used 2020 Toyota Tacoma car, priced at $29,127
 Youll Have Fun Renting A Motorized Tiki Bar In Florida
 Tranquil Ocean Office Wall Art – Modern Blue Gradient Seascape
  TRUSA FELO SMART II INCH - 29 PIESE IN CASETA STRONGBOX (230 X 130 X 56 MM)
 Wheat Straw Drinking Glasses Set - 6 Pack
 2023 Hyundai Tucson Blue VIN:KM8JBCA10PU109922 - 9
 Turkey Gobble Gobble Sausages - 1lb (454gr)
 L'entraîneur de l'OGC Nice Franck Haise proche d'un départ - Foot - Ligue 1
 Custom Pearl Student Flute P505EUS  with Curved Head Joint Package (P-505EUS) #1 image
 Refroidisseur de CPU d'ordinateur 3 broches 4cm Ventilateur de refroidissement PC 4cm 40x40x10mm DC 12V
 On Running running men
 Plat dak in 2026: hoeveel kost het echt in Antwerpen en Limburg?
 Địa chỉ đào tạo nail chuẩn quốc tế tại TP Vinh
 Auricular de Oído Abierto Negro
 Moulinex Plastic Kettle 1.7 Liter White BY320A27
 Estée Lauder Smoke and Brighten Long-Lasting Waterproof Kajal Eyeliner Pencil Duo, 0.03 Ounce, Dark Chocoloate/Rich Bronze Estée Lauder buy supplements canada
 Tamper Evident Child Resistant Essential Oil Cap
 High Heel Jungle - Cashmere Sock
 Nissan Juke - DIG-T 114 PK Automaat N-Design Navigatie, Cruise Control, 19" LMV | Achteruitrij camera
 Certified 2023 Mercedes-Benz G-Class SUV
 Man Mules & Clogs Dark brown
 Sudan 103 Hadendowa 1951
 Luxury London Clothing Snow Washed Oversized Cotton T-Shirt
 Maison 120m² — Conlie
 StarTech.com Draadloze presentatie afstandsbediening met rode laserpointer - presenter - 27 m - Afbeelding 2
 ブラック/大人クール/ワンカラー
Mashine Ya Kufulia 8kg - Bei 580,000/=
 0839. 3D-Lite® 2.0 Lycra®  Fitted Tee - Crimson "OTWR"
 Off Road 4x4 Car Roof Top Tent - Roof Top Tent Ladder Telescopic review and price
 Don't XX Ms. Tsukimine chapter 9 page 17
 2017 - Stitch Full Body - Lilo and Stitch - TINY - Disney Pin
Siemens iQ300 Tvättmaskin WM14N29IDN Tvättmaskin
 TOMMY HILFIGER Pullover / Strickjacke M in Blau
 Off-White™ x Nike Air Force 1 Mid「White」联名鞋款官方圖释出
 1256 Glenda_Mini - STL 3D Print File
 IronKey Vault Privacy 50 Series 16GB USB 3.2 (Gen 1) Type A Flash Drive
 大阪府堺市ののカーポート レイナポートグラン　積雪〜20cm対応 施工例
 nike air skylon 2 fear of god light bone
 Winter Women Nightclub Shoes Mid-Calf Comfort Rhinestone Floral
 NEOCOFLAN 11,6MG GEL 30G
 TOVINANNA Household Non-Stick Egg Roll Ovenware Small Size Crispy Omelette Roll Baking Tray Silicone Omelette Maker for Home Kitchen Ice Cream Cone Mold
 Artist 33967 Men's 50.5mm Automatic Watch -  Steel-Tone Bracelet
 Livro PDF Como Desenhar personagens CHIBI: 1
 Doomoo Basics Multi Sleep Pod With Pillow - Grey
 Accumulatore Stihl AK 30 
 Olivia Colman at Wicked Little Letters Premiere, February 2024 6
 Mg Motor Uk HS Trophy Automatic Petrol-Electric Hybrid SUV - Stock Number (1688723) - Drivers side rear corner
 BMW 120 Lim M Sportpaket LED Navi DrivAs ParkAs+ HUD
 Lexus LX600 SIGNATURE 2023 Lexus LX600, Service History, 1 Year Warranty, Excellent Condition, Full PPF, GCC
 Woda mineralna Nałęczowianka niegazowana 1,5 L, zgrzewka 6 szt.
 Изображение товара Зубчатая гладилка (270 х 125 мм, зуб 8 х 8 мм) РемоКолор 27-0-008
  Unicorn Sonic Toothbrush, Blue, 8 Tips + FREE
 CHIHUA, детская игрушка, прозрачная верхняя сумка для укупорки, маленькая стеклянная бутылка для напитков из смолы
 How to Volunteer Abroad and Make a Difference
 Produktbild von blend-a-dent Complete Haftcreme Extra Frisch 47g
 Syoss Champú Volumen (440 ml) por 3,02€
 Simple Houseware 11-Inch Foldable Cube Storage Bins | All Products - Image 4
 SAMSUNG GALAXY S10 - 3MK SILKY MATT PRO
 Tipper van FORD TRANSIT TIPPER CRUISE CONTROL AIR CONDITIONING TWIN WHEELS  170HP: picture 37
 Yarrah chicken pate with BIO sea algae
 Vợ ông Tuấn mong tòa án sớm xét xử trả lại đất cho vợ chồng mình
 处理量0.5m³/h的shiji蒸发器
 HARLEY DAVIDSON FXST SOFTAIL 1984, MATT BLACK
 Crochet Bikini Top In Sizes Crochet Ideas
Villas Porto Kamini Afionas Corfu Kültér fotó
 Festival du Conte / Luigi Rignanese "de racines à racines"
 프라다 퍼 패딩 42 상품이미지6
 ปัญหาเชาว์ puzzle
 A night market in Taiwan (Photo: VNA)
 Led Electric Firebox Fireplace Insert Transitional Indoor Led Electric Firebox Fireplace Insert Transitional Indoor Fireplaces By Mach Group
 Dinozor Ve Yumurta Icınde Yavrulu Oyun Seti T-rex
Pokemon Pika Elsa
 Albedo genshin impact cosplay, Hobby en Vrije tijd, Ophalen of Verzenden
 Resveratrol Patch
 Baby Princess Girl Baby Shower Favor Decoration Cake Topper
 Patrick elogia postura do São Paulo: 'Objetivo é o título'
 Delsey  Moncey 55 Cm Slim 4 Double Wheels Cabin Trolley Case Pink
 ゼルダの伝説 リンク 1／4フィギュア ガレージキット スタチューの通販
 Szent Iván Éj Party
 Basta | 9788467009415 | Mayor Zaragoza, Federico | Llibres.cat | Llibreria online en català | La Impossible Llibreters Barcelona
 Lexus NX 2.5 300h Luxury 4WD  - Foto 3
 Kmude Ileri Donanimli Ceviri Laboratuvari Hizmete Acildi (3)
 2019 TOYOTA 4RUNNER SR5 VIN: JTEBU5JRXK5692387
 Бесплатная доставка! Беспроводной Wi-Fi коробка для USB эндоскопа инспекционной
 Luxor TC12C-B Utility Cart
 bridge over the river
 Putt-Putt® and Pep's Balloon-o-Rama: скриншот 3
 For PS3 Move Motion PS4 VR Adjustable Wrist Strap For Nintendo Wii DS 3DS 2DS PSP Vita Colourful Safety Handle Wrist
================
Work request
Copy the records above exactly.

Solution to the problem
used 2020 Toyota Tacoma car, priced at $29,127
 Youll Have Fun Renting A Motorized Tiki Bar In Florida
 Tranquil Ocean Office Wall Art – Modern Blue Gradient Seascape
  TRUSA FELO SMART II INCH - 29 PIESE IN CASETA STRONGBOX (230 X 130 X 56 MM)
 Wheat Straw Drinking Glasses Set - 6 Pack
 2023 Hyundai Tucson Blue VIN:KM8JBCA10PU109922 - 9
 Turkey Gobble Gobble Sausages - 1lb (454gr)
 L'entraîneur de l'OGC Nice Franck Haise proche d'un départ - Foot - Ligue 1
 Custom Pearl Student Flute P505EUS  with Curved Head Joint Package (P-505EUS) #1 image
 Refroidisseur de CPU d'ordinateur 3 broches 4cm Ventilateur de refroidissement PC 4cm 40x40x10mm DC 12V
 On Running running men
 Plat dak in 2026: hoeveel kost het echt in Antwerpen en Limburg?
 Địa chỉ đào tạo nail chuẩn quốc tế tại TP Vinh
 Auricular de Oído Abierto Negro
 Moulinex Plastic Kettle 1.7 Liter White BY320A27
 Estée Lauder Smoke and Brighten Long-Lasting Waterproof Kajal Eyeliner Pencil Duo, 0.03 Ounce, Dark Chocoloate/Rich Bronze Estée Lauder buy supplements canada
 Tamper Evident Child Resistant Essential Oil Cap
 High Heel Jungle - Cashmere Sock
 Nissan Juke - DIG-T 114 PK Automaat N-Design Navigatie, Cruise Control, 19" LMV | Achteruitrij camera
 Certified 2023 Mercedes-Benz G-Class SUV
 Man Mules & Clogs Dark brown
 Sudan 103 Hadendowa 1951
 Luxury London Clothing Snow Washed Oversized Cotton T-Shirt
 Maison 120m² — Conlie
 StarTech.com Draadloze presentatie afstandsbediening met rode laserpointer - presenter - 27 m - Afbeelding 2
 ブラック/大人クール/ワンカラー
Mashine Ya Kufulia 8kg - Bei 580,000/=
 0839. 3D-Lite® 2.0 Lycra®  Fitted Tee - Crimson "OTWR"
 Off Road 4x4 Car Roof Top Tent - Roof Top Tent Ladder Telescopic review and price
 Don't XX Ms. Tsukimine chapter 9 page 17
 2017 - Stitch Full Body - Lilo and Stitch - TINY - Disney Pin
Siemens iQ300 Tvättmaskin WM14N29IDN Tvättmaskin
 TOMMY HILFIGER Pullover / Strickjacke M in Blau
 Off-White™ x Nike Air Force 1 Mid「White」联名鞋款官方圖释出
 1256 Glenda_Mini - STL 3D Print File
 IronKey Vault Privacy 50 Series 16GB USB 3.2 (Gen 1) Type A Flash Drive
 大阪府堺市ののカーポート レイナポートグラン　積雪〜20cm対応 施工例
 nike air skylon 2 fear of god light bone
 Winter Women Nightclub Shoes Mid-Calf Comfort Rhinestone Floral
 NEOCOFLAN 11,6MG GEL 30G
 TOVINANNA Household Non-Stick Egg Roll Ovenware Small Size Crispy Omelette Roll Baking Tray Silicone Omelette Maker for Home Kitchen Ice Cream Cone Mold
 Artist 33967 Men's 50.5mm Automatic Watch -  Steel-Tone Bracelet
 Livro PDF Como Desenhar personagens CHIBI: 1
 Doomoo Basics Multi Sleep Pod With Pillow - Grey
 Accumulatore Stihl AK 30 
 Olivia Colman at Wicked Little Letters Premiere, February 2024 6
 Mg Motor Uk HS Trophy Automatic Petrol-Electric Hybrid SUV - Stock Number (1688723) - Drivers side rear corner
 BMW 120 Lim M Sportpaket LED Navi DrivAs ParkAs+ HUD
 Lexus LX600 SIGNATURE 2023 Lexus LX600, Service History, 1 Year Warranty, Excellent Condition, Full PPF, GCC
 Woda mineralna Nałęczowianka niegazowana 1,5 L, zgrzewka 6 szt.
 Изображение товара Зубчатая гладилка (270 х 125 мм, зуб 8 х 8 мм) РемоКолор 27-0-008
  Unicorn Sonic Toothbrush, Blue, 8 Tips + FREE
 CHIHUA, детская игрушка, прозрачная верхняя сумка для укупорки, маленькая стеклянная бутылка для напитков из смолы
 How to Volunteer Abroad and Make a Difference
 Produktbild von blend-a-dent Complete Haftcreme Extra Frisch 47g
 Syoss Champú Volumen (440 ml) por 3,02€
 Simple Houseware 11-Inch Foldable Cube Storage Bins | All Products - Image 4
 SAMSUNG GALAXY S10 - 3MK SILKY MATT PRO
 Tipper van FORD TRANSIT TIPPER CRUISE CONTROL AIR CONDITIONING TWIN WHEELS  170HP: picture 37
 Yarrah chicken pate with BIO sea algae
 Vợ ông Tuấn mong tòa án sớm xét xử trả lại đất cho vợ chồng mình
 处理量0.5m³/h的shiji蒸发器
 HARLEY DAVIDSON FXST SOFTAIL 1984, MATT BLACK
 Crochet Bikini Top In Sizes Crochet Ideas
Villas Porto Kamini Afionas Corfu Kültér fotó
 Festival du Conte / Luigi Rignanese "de racines à racines"
 프라다 퍼 패딩 42 상품이미지6
 ปัญหาเชาว์ puzzle
 A night market in Taiwan (Photo: VNA)
 Led Electric Firebox Fireplace Insert Transitional Indoor Led Electric Firebox Fireplace Insert Transitional Indoor Fireplaces By Mach Group
 Dinozor Ve Yumurta Icınde Yavrulu Oyun Seti T-rex
Pokemon Pika Elsa
 Albedo genshin impact cosplay, Hobby en Vrije tijd, Ophalen of Verzenden
 Resveratrol Patch
 Baby Princess Girl Baby Shower Favor Decoration Cake Topper
 Patrick elogia postura do São Paulo: 'Objetivo é o título'
 Delsey  Moncey 55 Cm Slim 4 Double Wheels Cabin Trolley Case Pink
 ゼルダの伝説 リンク 1／4フィギュア ガレージキット スタチューの通販
 Szent Iván Éj Party
 Basta | 9788467009415 | Mayor Zaragoza, Federico | Llibres.cat | Llibreria online en català | La Impossible Llibreters Barcelona
 Lexus NX 2.5 300h Luxury 4WD  - Foto 3
 Kmude Ileri Donanimli Ceviri Laboratuvari Hizmete Acildi (3)
 2019 TOYOTA 4RUNNER SR5 VIN: JTEBU5JRXK5692387
 Бесплатная доставка! Беспроводной Wi-Fi коробка для USB эндоскопа инспекционной
 Luxor TC12C-B Utility Cart
 bridge over the river
 Putt-Putt® and Pep's Balloon-o-Rama: скриншот 3
 For PS3 Move Motion PS4 VR Adjustable Wrist Strap For Nintendo Wii DS 3DS 2DS PSP Vita Colourful Safety Handle Wrist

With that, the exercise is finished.